Quick Start

Last updated last month

Introduction

This tutorial teaches the basics of navigating in the Code Property Graph (CPG). Ocular can also be used to navigate Security Profile (SP) which is generated on top of CPG. The tutorial focuses on analysis using CPG and demonstrates how the tooling can be used to:

  • Interactively query the code property graph to uncover attack surface

  • Formulate ad-hoc queries to identify vulnerabilities

The philosophy behind our tooling is that, while creating a "one-fits-all" vulnerability scanner borders on the impossible, you can certainly provide the tooling that vulnerability researchers require to explore code bases in order to determine vulnerability patterns, formulate these patterns in concise and expressive languages, and persist them, such that code can be automatically scanned for these patterns in the future. Instead of only showcasing the tooling's default capabilities, in this tutorial we also demonstrate the many ways in which the tooling can be adapted and extended to suit your specific needs.

Step 1: Install Ocular

Prerequisites

Ocular runs on top of the Java virtual machine. Please make sure you have a Java Runtime Environment >= 1.8 installed.

Instructions

Begin by decompressing the provided ZIP file shiftleft-cmd-distribution.zip. This will create the directory shiftleft-cmd-distribution.

unzip shiftleft-cmd-distribution.zip
cd shiftleft-cmd-distribution

Run the installer and follow the prompts:

bash ./install.sh

The install script will:

  • ask you where you want to install it to (defaults to ~/bin/shiftleft-cmd)

  • check if there is an existing installation and offer to delete it

  • unpack the ShiftLeft dynamic policy to ~/.shiftleft/policy/dynamic and offer to delete it, if it already exists

  • unpack the ShiftLeft static policy to ~/.shiftleft/policy/static and offer to delete it, if it already exists.

  • not touch anything outside these directories (installation and policy)

Additional Configuration for Large Projects

Code analysis can require lots of memory, and unfortunately, the Java Virtual Machine (JVM) does not pick up the available amount of memory by itself.

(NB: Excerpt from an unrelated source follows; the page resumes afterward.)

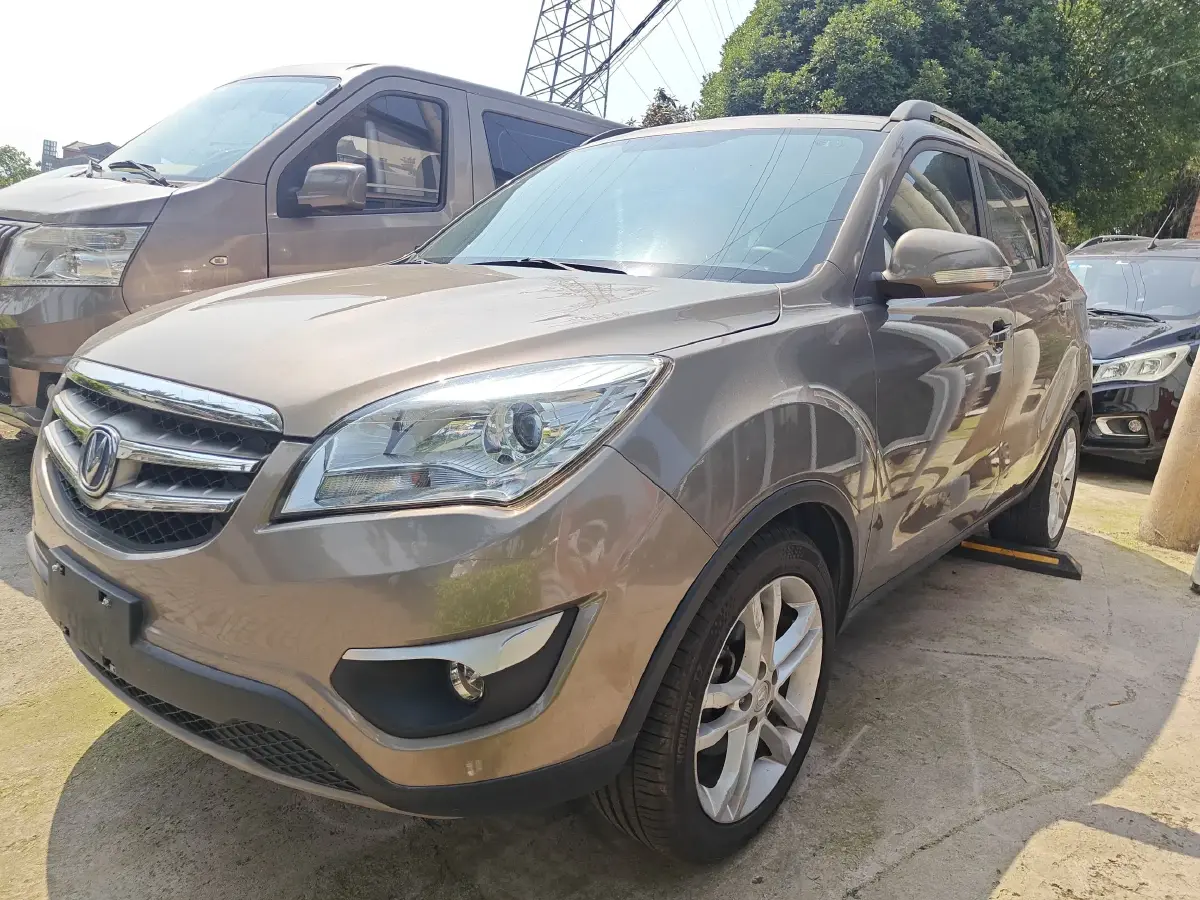 2014 ChangAn CS35 1.6L 125HP L4 5MT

While tuning Java memory usage is a discipline in its own right, it is usually sufficient to specify the maximum available amount of heap memory via the Java virtual machine's -Xmx flag. The easiest way to achieve this globally is by setting the environment variable _JAVA_OPTS as follows:

export _JAVA_OPTS="-Xmx$NG"

where $N is the amount of memory in gigabytes. You can add this line to your shell startup script, e.g., ~/.bashrc or ~/.zshrc.

Note: The above option will affect all JVM instances that are started henceforth on the machine.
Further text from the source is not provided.